In that case, it’s obvious that the only way this conflict will ultimately be settled is not by somehow eradicating the “terrorists” ,but by sitting down to negotiate a deal, as will probably be the case in Afghanistan.  
In Mali, such a deal may be not be that different from the kind of settlement that was offered the Touaregs years ago after a series of rebellions, but which the Malian government ultimately reneged on.
So, how do the French feel about this?
Estimates are that anywhere from 400,000 to one million French took to the streets of Paris last weekend. A counter-protest, expected to draw hundreds of thousands of other militant French, is now being organized. Tempers are flaring. 
What’s the issue?
Mali?
Well, actually, no. It’s whether the French government should legalize gay marriage.
As for the intervention in Mali, at first the French, from all ends of the political spectrum, seemed to be solidly behind their government and their fighting men.
That consensus is already unraveling, and it’s certain that as the intervention drags on, the casualties and costs mount, and France’s European allies still drag their heels, the patriotic surge will flag 
Which bring us back to the Roadrunner. At  some point the French may suddenly look down to find to their president has taken them over a precipice, and they’re suspended there, gazing in horror at the chasm below.

Tuesday, January 15, 2013

Mali: A double tale of unintended consequences


With hundreds of French troops in Mali, and hundreds more headed that way, the U.S. among other countries, has also pledged some limited support: intelligence, communication, logistics, unarmed drones. But Washington obviously would like to keep a low profile. Washington, in fact, had been militating against just such a move, fearing that another Western intervention in an Arab land would provide another ideal recruiting target for erstwhile jihadis across the Muslim world, not to mention to provoking a spate of terrorist attacks in Europe.
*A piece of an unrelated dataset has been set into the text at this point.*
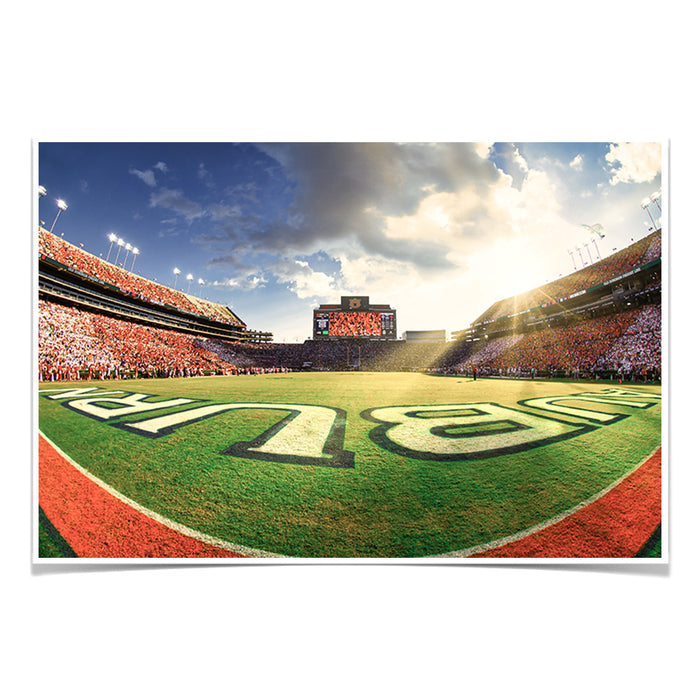 Auburn Tigers - Fisheye End Zone - College Wall Art #Poster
In fact, though, it turns out that the U.S. has already played a major role in the crisis. It’s a devastating lesson of plans gone awry, another dreary footnote to the law of unintended consequences.
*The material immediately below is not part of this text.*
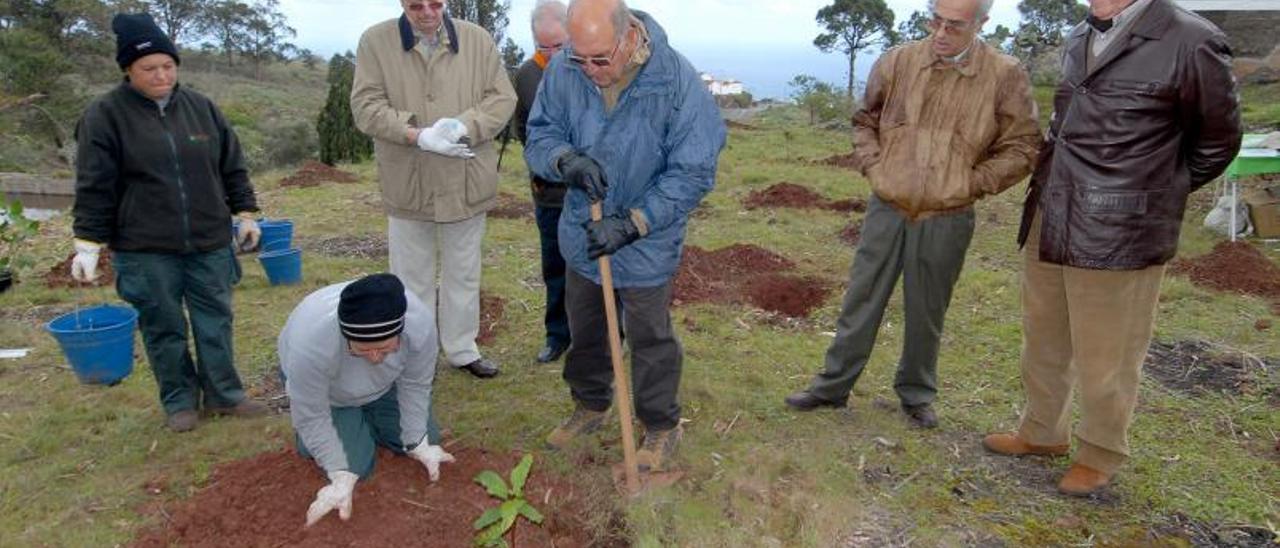 Domingo González (derecha) y Lizardo Martell (centro) plantando un árbol en un acto de la Fundación Foresta. | | LP/DLP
According to an excellent New York Times account, for the past several years, the United States has spent more than half a billion dollars in West Africa to counter the threat of radical Islam, America’s “most ambitious counterterrorism program ever across these vast, turbulent stretches of the Sahara.”
The aim of the program was that, rather than rely on the U.S. and its allies to combat Islamic terrorism in the region, the United States would train African troops to deal with the threat themselves.
To that end, for five years U.S. Special Forces trained Malian troops in a host of vital combat and counterterrorism skills. The outcome was considered by the Pentagon to be exemplary
But all that collapsed as the result of another unintended consequence-- of the French-led intervention in Libya. After the fall of Khadhaffi, droves of battle-hardened, well-armed Islamic fighters and Tuareg tribesmen, who had been fighting in Libya, swarmed into Northern Mali.
Joined by other more radical Islamist forces, some linked to Al Qaeda, they had no trouble defeating the Malian army.
Why? Because of the defection to the rebels of several key Malian officers, who had been trained by the Americans.  Turns out that those officers, who were supposed to battle the rebels, were ethnic Tuaregs, the same nomads who were part of the rebellion.
According to the Times, The Tuareg commanders of three of the four Malian units in the north, at the height of the battle, decided to join the insurrection, taking weapons, valuable equipment and their American training with them. They were followed by about 1600 additional army defectors, demolishing the government’s hope of resisting the rebel attack.   
In other words, it’s very likely that the French and their allies-to-come in Mali will be battling rebel troops trained by the U.S. Special Forces.
Caught totally by surprise by the whole ghastly mess, the American officials involved with the training program were reportedly flabbergasted.
There are obvious questions: How was it possible for the Special Forces and their Pentagon bosses and the CIA to have had such a total lack of understanding of the Malian officers they’d trained and the country they’d been operating in for over five years?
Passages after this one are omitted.